The History of the Temple
Located only 33 minutes away from Avani Ao Nang Cliff Krabi Resort, the Tiger Cave Temple, also known as Wat Tham Suea attracts guests from so many Ao Nang beach hotels. The story of the temple dates back to B.E. 2518 when a Jumnean Seelasettho, a Vipassana monk arrived at the caves to meditate, where tigers roamed around the cave. However, another legend states that a large tiger occupied the caves, and the temple was given its name due to the tiger paw prints on its walls.

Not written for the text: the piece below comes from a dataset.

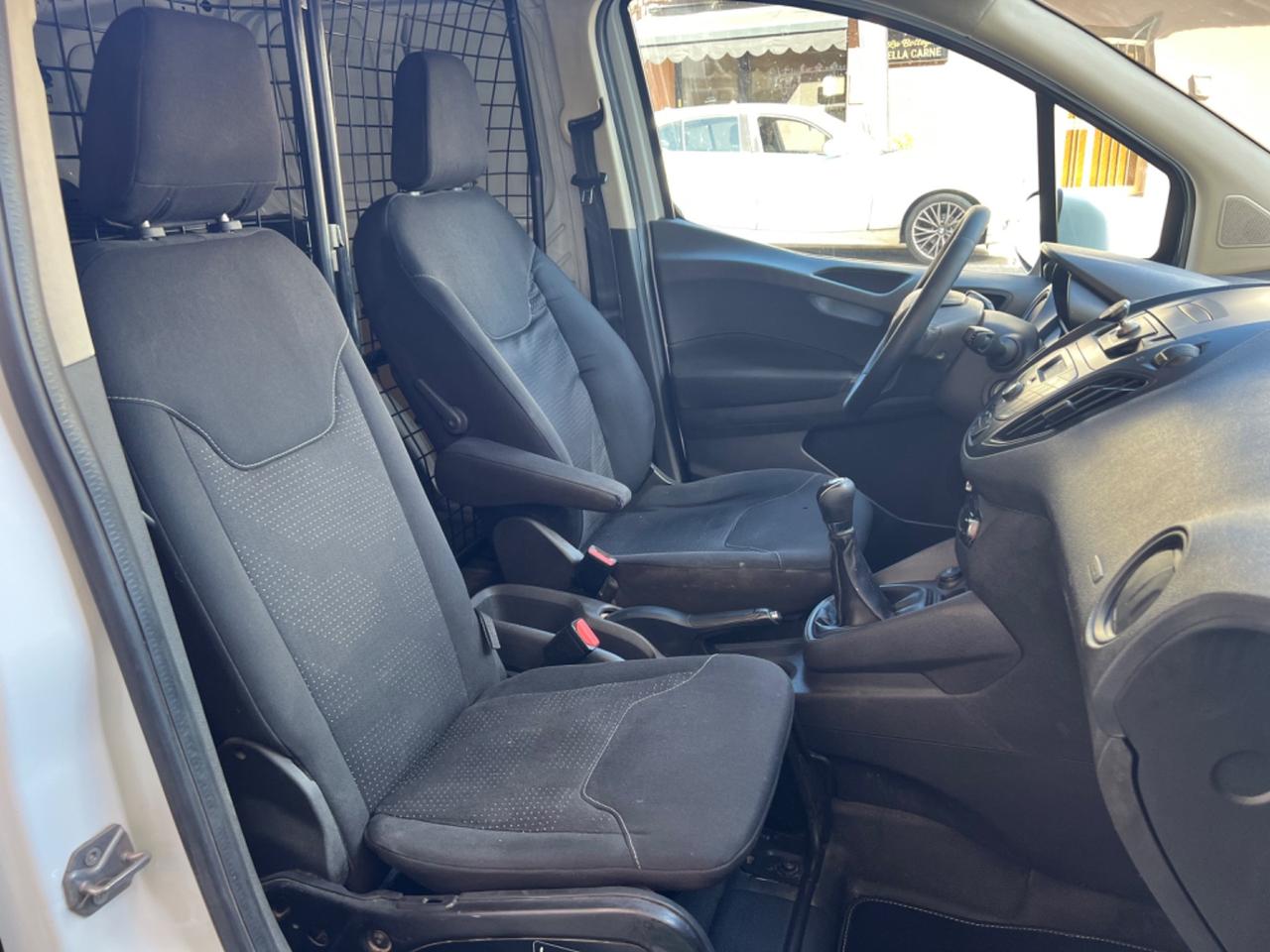 Ford Transit Courier 1.6 TDCi 95CV Van Trend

The Tiger Cave Temple, which is also a meditation centre is surrounded by a rainforest and mighty old trees that have stood the test of time. The surrounding grounds of the temple have been a source of ancient artefacts where Thanu artefacts had been discovered. However, the small caves in the Tham Sua region are not accessible to tourists.
Statues Worth a Click
The holy grounds of Wat Tham Suea are decorated with a statue that depicts the religious significance of the temple. The most prominent of all is the golden Buddha statue situated right at the top of the mountain. As one reaches the shrine at the top of the stairs, the statue, along with other temple buildings and the town of Krabi can be viewed.

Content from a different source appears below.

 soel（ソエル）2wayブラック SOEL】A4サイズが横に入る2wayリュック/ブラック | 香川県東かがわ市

Pilgrims and visitors can reach the top by climbing up the stairs or taking the lift at the left of the stairs. A recent update was made to the stairs which increased its number from 1,237 to 1,260. At an elevation of 278 metres, the Tiger Cave Temple is also home to monks. Monkeys are known to roam about the stairway and visitors are often warned to act cautiously around them.